I am enormously thankful for what I learned from Aesthetic Realism about what it means to be just to people, for it dramatically changed my life. As a boy and young man growing up in Brazil, I felt the way to take care of myself was to get ahead, have lots of money, and impress people. But as I acquired these things and more, I also began to dislike myself, and I didn't know why. I found the answer in the international periodical The Right of Aesthetic Realism to Be Known, where Eli Siegel explains: 

Aesthetic Realism says that the more we can truly like in this world, the more that is not ourselves we can see as increasing what we are, the more we know ourselves and are taking care of ourselves. 
The desire to like the world and to be fair to it, Mr. Siegel showed, is the deepest desire of every person. And I learned that every person has another desire: contempt -- “the lessening of what is different from oneself as a means of self-increase as one sees it” -- which is the most hurtful, weakening thing for a person's life. 

My inner struggle between wanting fairness and contempt took many forms. I loved reading about how people lived in other countries. When my parents gave me a book on Tyrolean architecture, I felt wonder just looking at those Alpine homes, seeing the great thickness of the exterior walls punctured by small windows, both to protect people from the severe winter cold. This was so different from the tropical homes I knew, built as open as possible to bring in cooling breezes. The massive and severe Alpine facades had colorful, delicate paintings on them. Though I didn't know it, I was liking the world through those severe but graceful, enclosed but welcoming houses. 

Yet, there were other ways I tried to take care of myself. I eagerly looked forward to bringing friends to visit my family's cocoa plantation. As the car drove down the road, and the enormous white plantation house appeared from behind the sloping grass field, I awaited my friends' expressions of amazement and got a thrill, thinking contemptuously: “Now they know how superior I am; I belong to superior people who own this plantation, and look how humble I am for not boasting about it!” 

Meantime, soon after, we would come upon stark, tiny houses, with children in front dressed in torn clothes -- children of the men whose back-breaking work paid for our mansion and the luxuries we greedily kept to ourselves. 

Aesthetic Realism is tremendously necessary because it shows that contempt is the cause of all injustice including in economics. Contempt had my family feel we had the right to use people's lives and hard work, to maintain our comfort and alleged superiority. “Only contempt,” Mr Siegel explained, “could permit a man to make money from the work of another--as man has done these hundreds of years.” Contempt, I learned, is the basis of our brutal economic system, where the work and lives of many people are used to make profit for a few. 

Had my family and I wanted to respect these individual human beings, to see their feelings as real, we never would have taken away the wealth they produced. Had I asked: What do they and their children deserve? How does a father feel not being able to buy things for his family? Do those children dream of having a comfortable bed like mine or a musical instrument to play? How does a mother feel dressing her children in torn clothes?--had I asked these questions I would have never been able to justify our exploitation of them. 
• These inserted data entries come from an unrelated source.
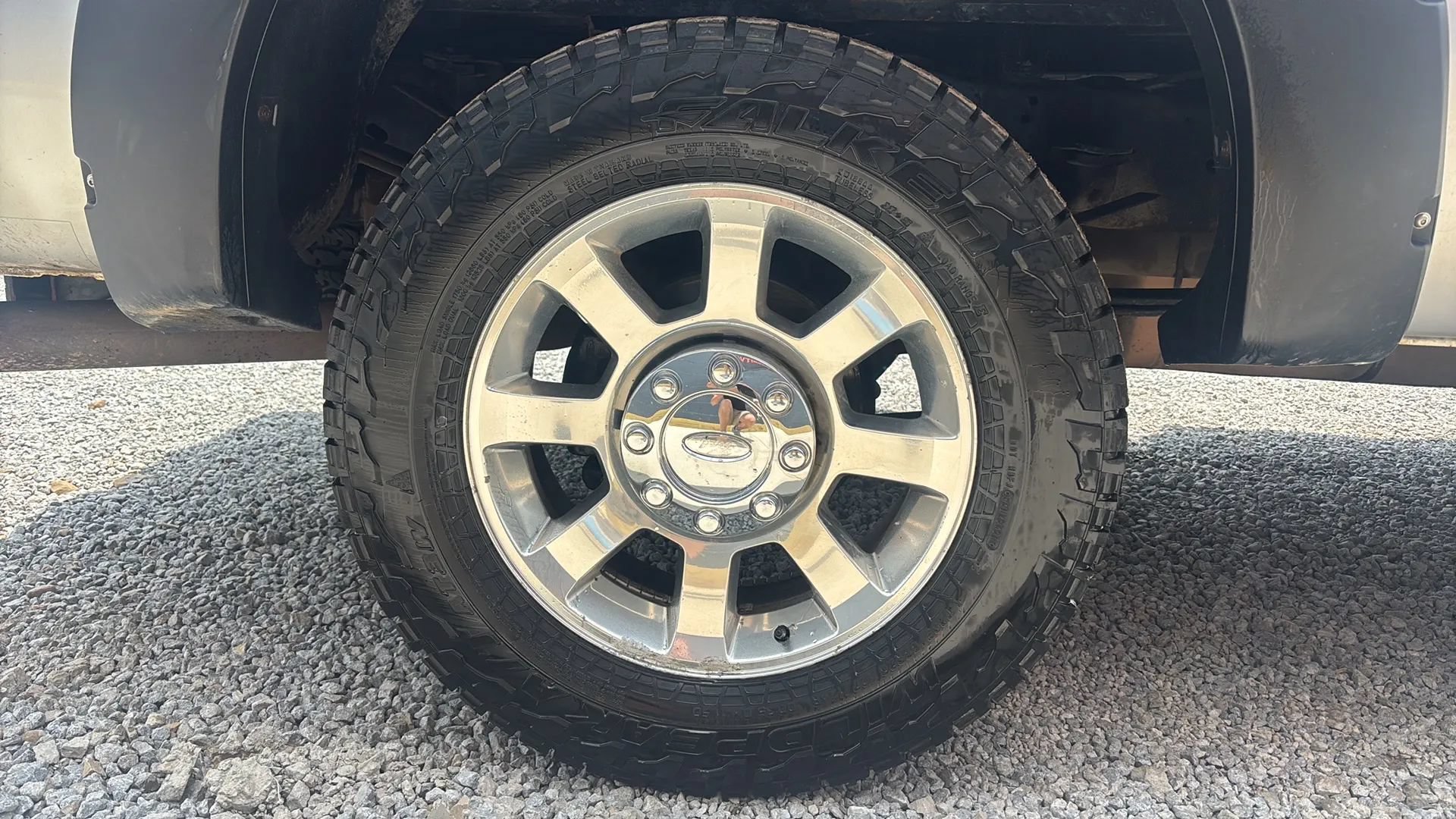 Used 2012 Ford F250 XLT w/ Advanced Security Group AWD/4WD image 7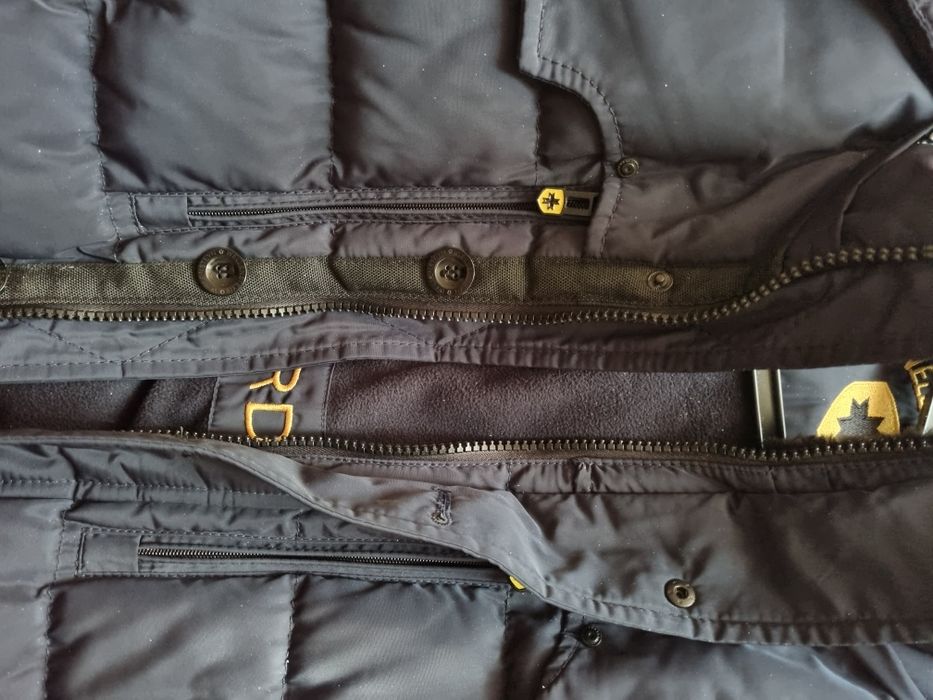 Чоловіча зимова куртка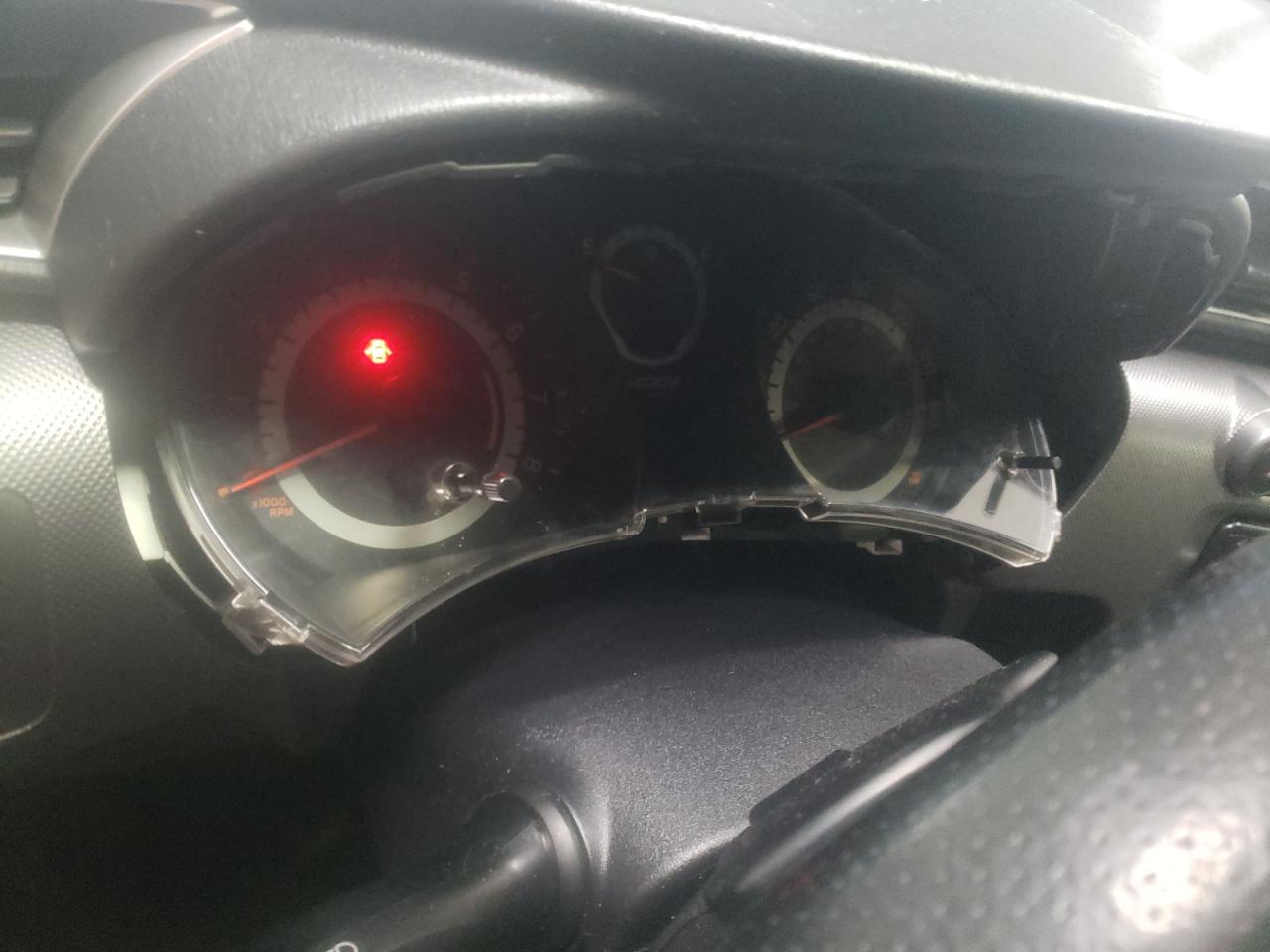 Photo 8 from auction – 2015 TOYOTA SCION TC with VIN JTKJF5C79FJ004259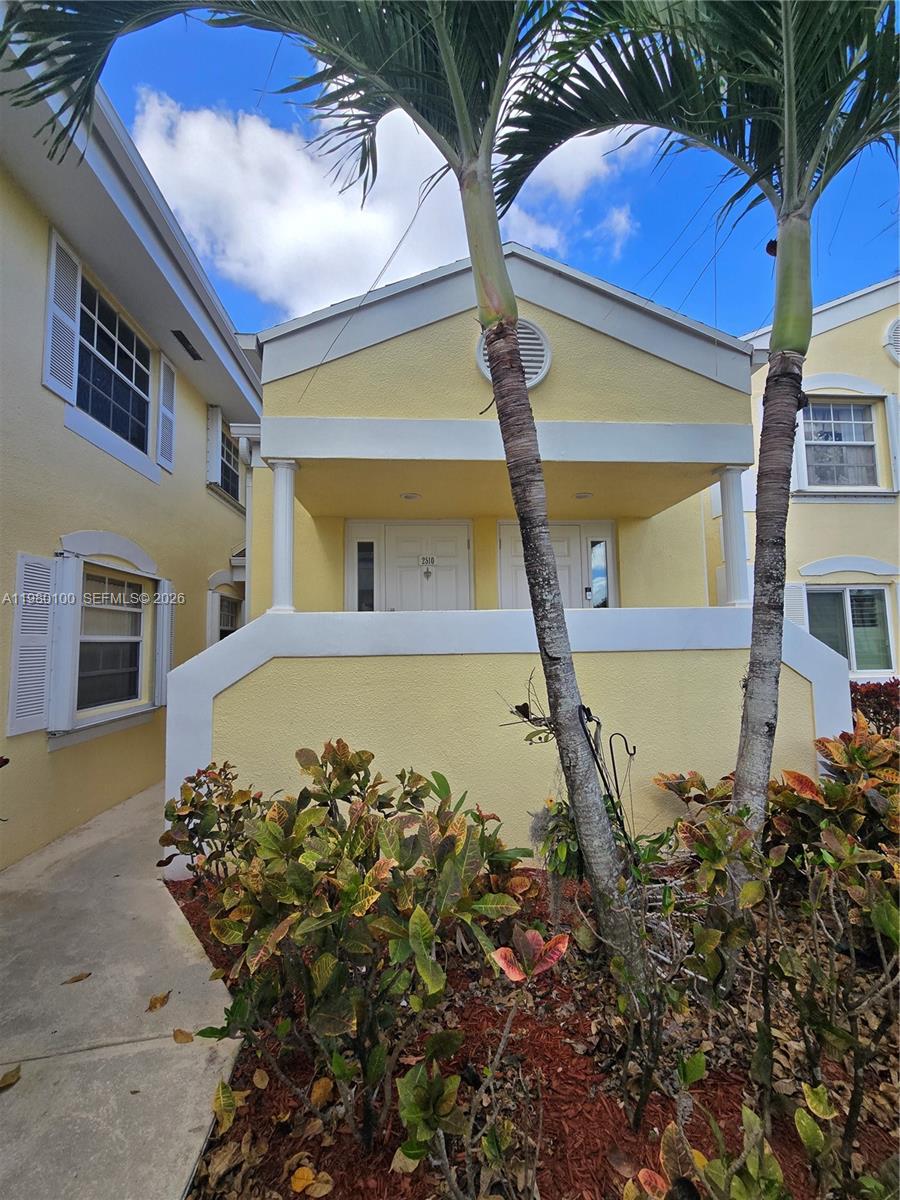 Keys Gate Condo No Two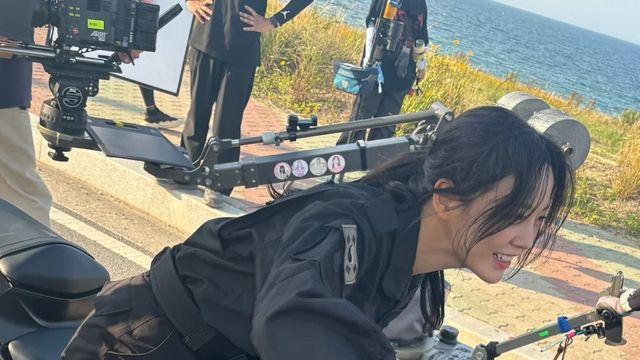'취하는 로맨스' 김세정, 바이크룩부터 캐주얼룩까지 드라마 촬영장에서 선보인 팔색조 매력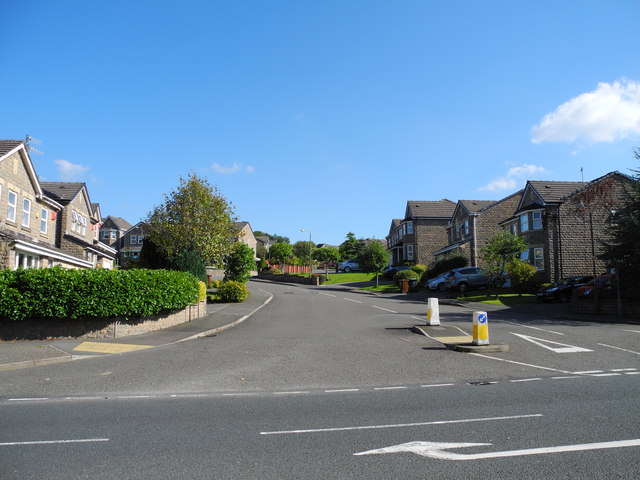 File:Tavern Road, Hadfield - geograph.org.uk - 3719579.jpg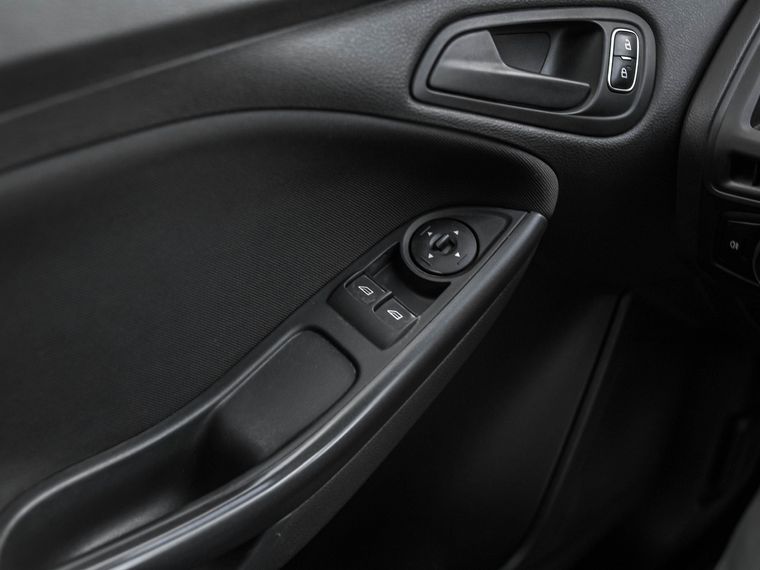 Ford Focus 2019 года, 134 064 км - вид 9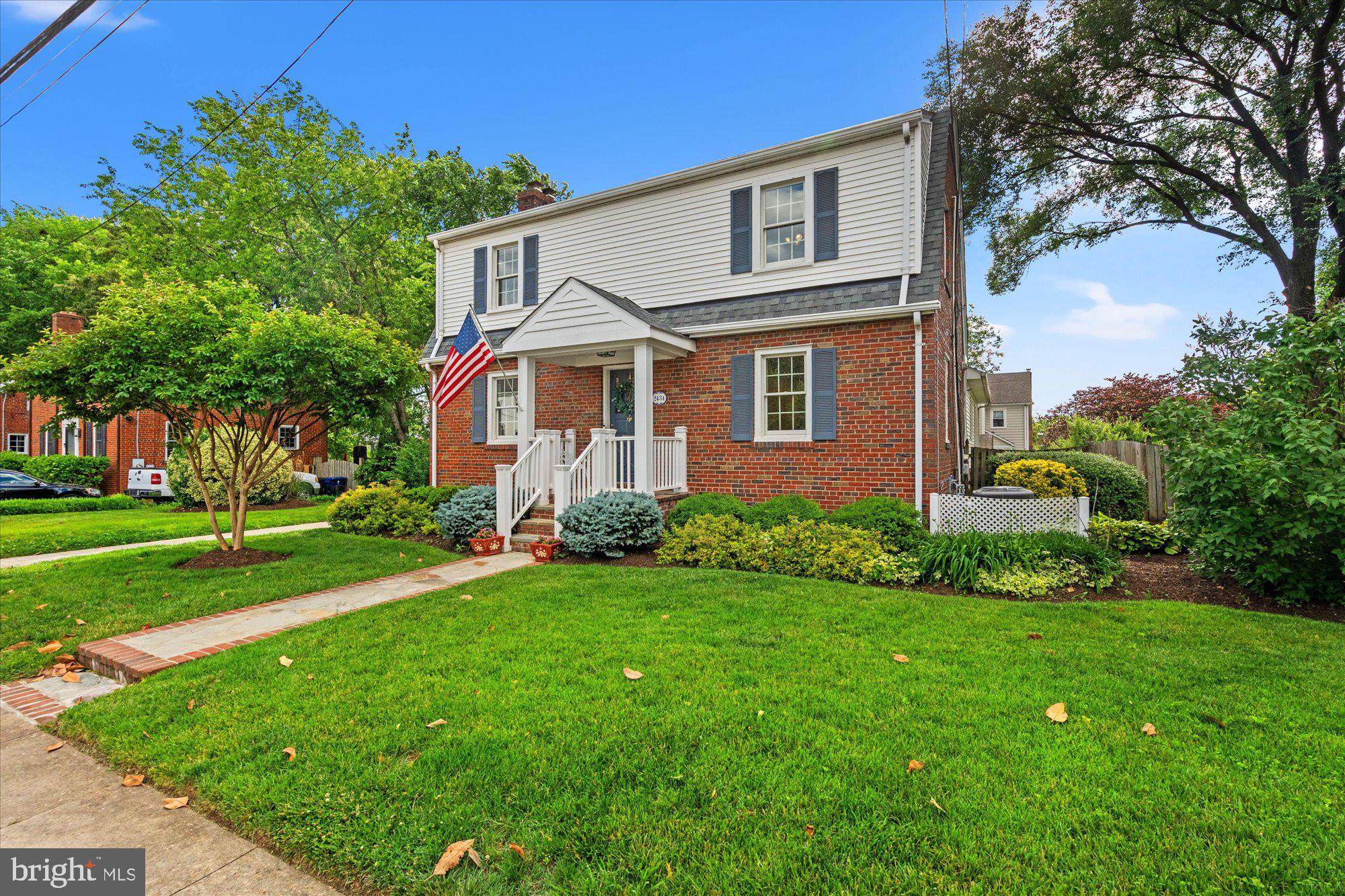 2434 Cameron Mills Road Alexandria, VA 22302 - Photo 2 of 51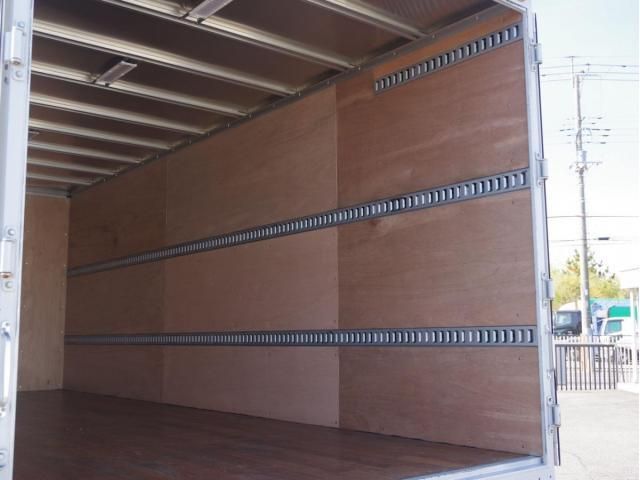 MITSUBISHI FUSOU FIGHTER 2021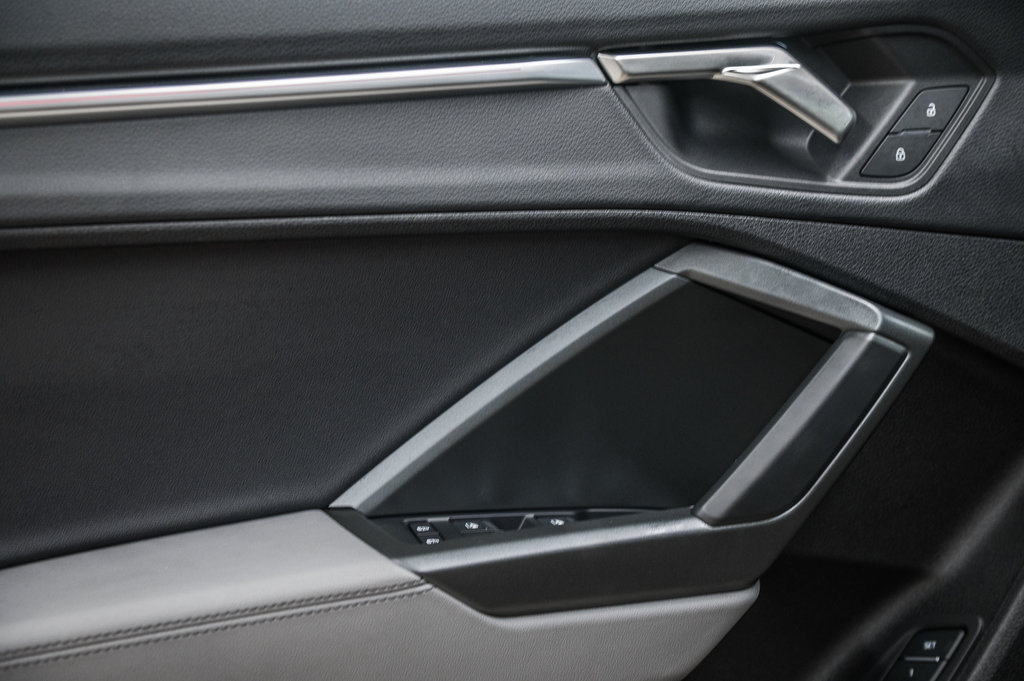 2024 Audi Q3 TECHNIK S-LINE BLACK OPTICS, 20PCS in Laval, Quebec - 14 - w1024h768px
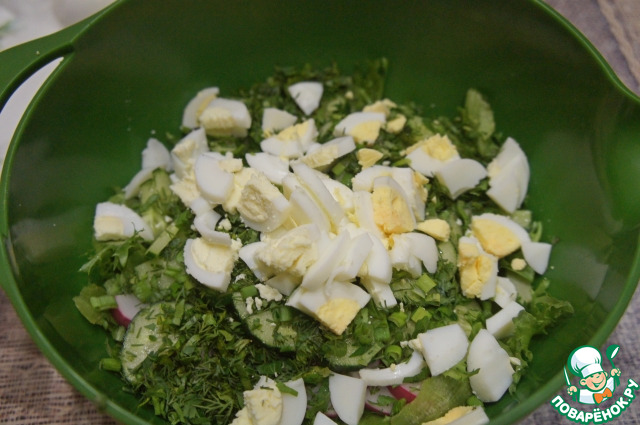 Весенний зеленый салат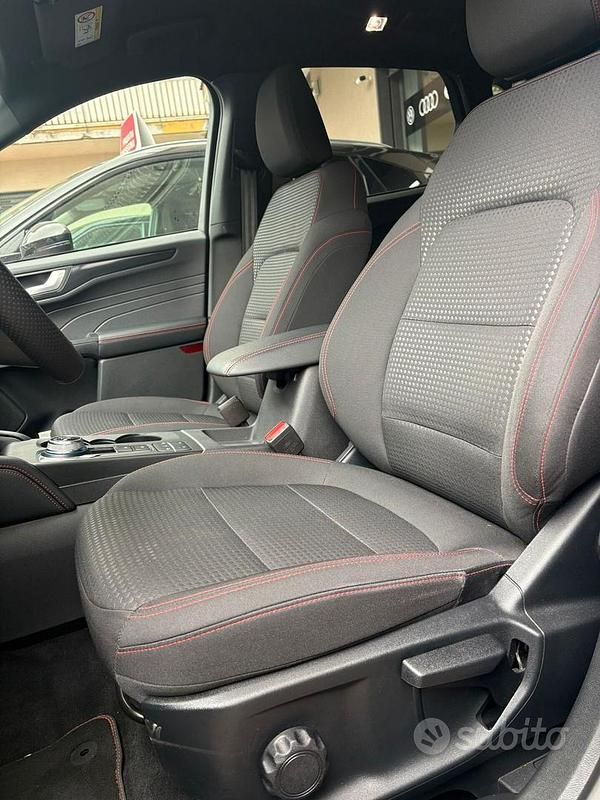 Usata Ford Kuga ST-Line 120 CV (88 kW) 2023 Blu SUV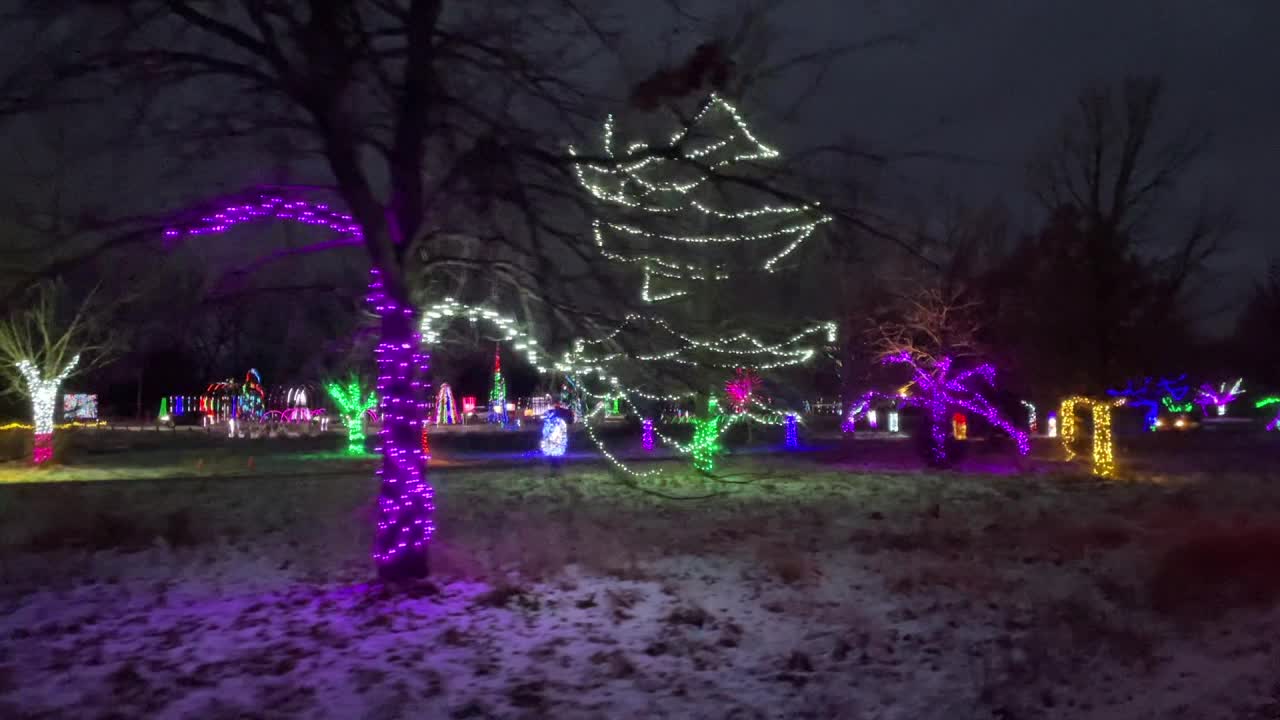 紫金飯店 xSPECIAL OTHERES x NATAL x Lampup Shakopee holiday lights: 2.5 million lights dazzle families | FOX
My contempt made me brutal in ways which now make me cringe with remorse. On Sundays, the workers with their families, dressed in their best clothes, walked for hours on dirt roads to the neighboring town to go to church and buy supplies. The heavy winter rains covered these roads with huge pools of mud. My friends and I amused ourselves by speeding our car over these large pools as parents and children walked by, covering them with mud. We would roll with laughter as we sped away, feeling we could do whatever we wanted to other people. I regret my brutality, my insult to people's dignity and feelings, and I thank God that I had the great good fortune to meet the education able to change how I saw people. 

Aesthetic Realism is merciful in showing that while contempt gives a quick pleasure, it ruins people's lives. By the time I was in my early 20's I was desperate: I couldn't sleep, took Valium daily, and constantly worried at how separate and lonely I felt. I was so fortunate to begin learning in Aesthetic Realism consultations how to see people in a way that makes for self-respect and true kindness. 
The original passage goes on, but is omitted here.